The video taken at Coral “clinics” shows stunning images of dolphins lining up to self-medicate with invertebrates.
If a person gets a rash, they may go to the doctor and be given some ointment to apply to it. Skin diseases affect Indo-Pacific bottlenose dolphins as well, but they get their treatment by lining up nose-to-tail to rub against reefs.
Researchers demonstrate in the May 19 issue of iScience that these corals have medicinal properties, suggesting that dolphins use these marine invertebrates to treat skin ailments.
Angela Ziltener (@DWAORG), a wildlife biologist at the University of Zurich in Switzerland, first noticed dolphins rubbing against coral in the Northern Red Sea, off the coast of Egypt, thirteen years ago.
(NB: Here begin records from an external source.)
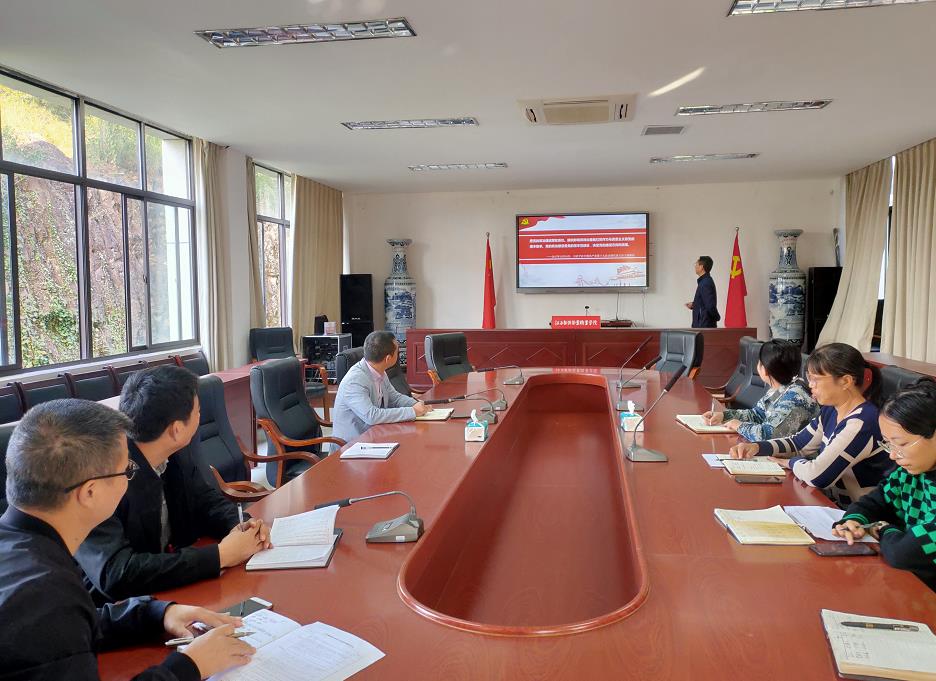 杏盛思政部组织十九届四中全会精神集体备课会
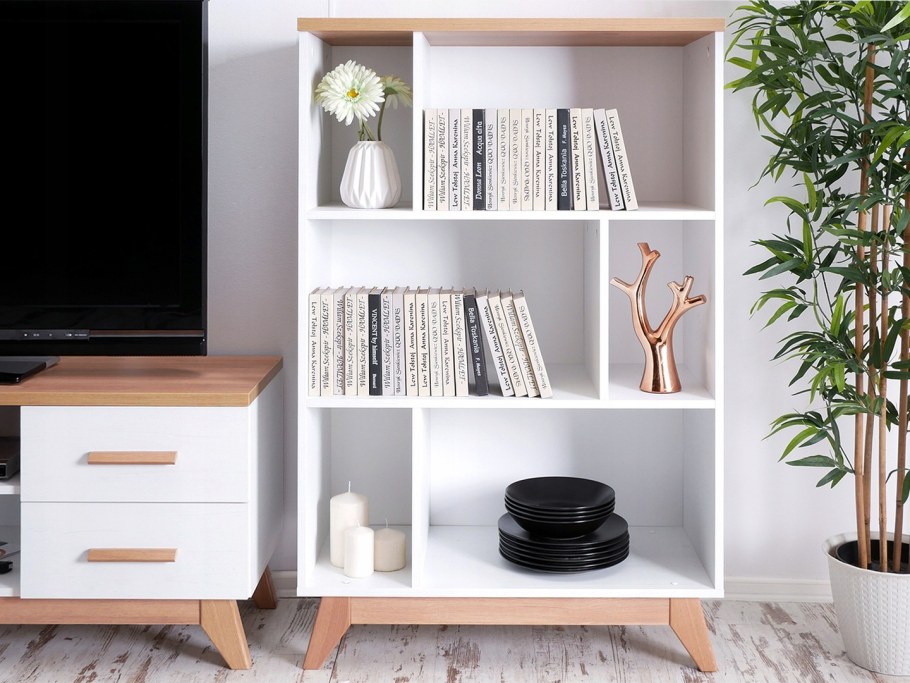 Стеллаж в стиле Сканди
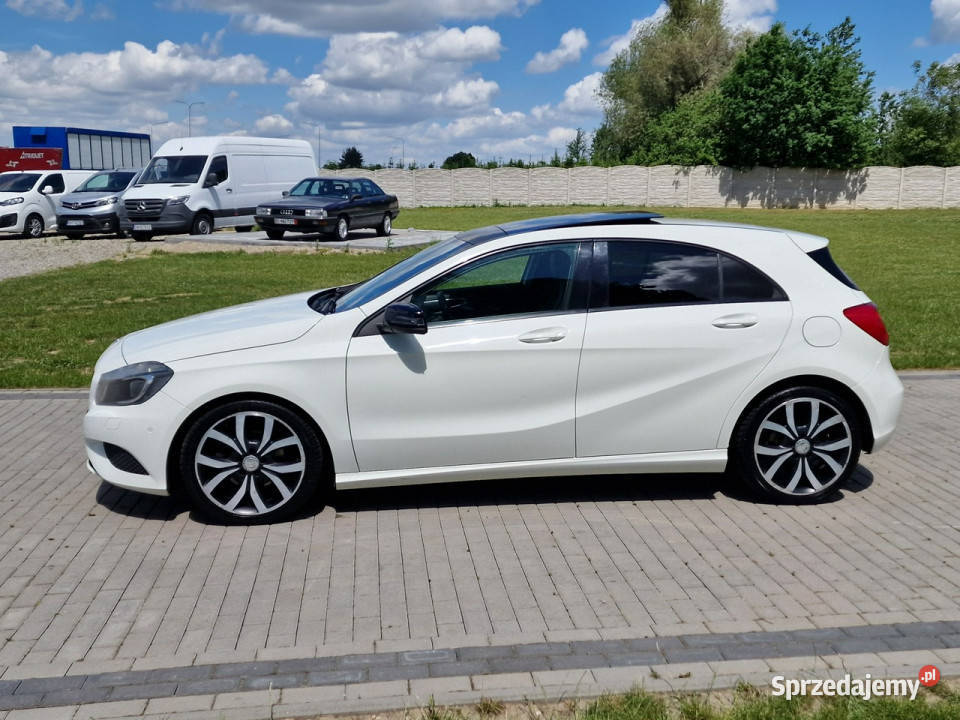 Mercedes A 180 16 Benzyna Automat Bixenon Ledy gniazdo USB Mercedes-Benz Strobice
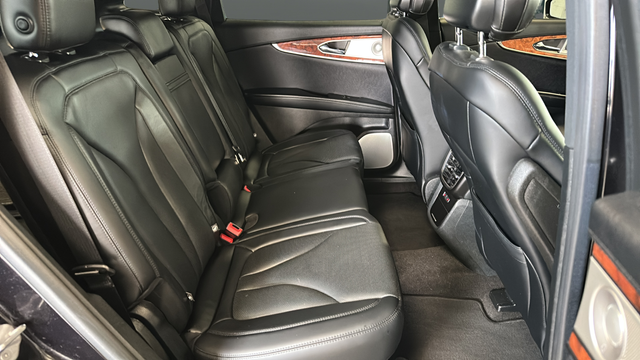 Used 2020 Infinite Black Lincoln Reserve image 25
She and her colleagues noted that the dolphins were picky about which corals they rubbed against, and they were curious as to why.
“I hadn’t seen this coral rubbing behavior described before, and it was clear that the dolphins knew exactly which coral they wanted to use,” explains Ziltener. “I thought, ‘There must be a reason.’”
Most dolphin research is done from the surface of the water, but Ziltener was able to examine the dolphins up close because she is a diver. It took some time for her to gain the trust of the dolphins, which she was able to do in part because the dolphins were unfazed by the big bubbles created by the diving tanks and had become accustomed to divers.
“Some dolphins, like spinner dolphins in the Southern Egyptian Red Sea, are shyer regarding bubbles,” she adds.
Once the pod permitted her to visit them frequently, she and her colleagues were able to identify and analyze the corals that the dolphins were rubbing against. Indo-Pacific bottlenose dolphins were stirring the microscopic polyps that make up the coral ecosystem, according to Ziltener and her team, and these invertebrates were leaking mucus as a result of their constant rubbing against the corals. The scientists took coral samples in order to figure out what features the mucus carried.
The researchers used planar separations, on-surface assays, and high-resolution mass spectrometry to analyze samples of the gorgonian coral Rumphella aggregata, the leather coral Sarcophyton sp., and the sponge Ircinia sp. and discovered 17 active metabolites with antibacterial, antioxidative, hormonal, and toxic activities.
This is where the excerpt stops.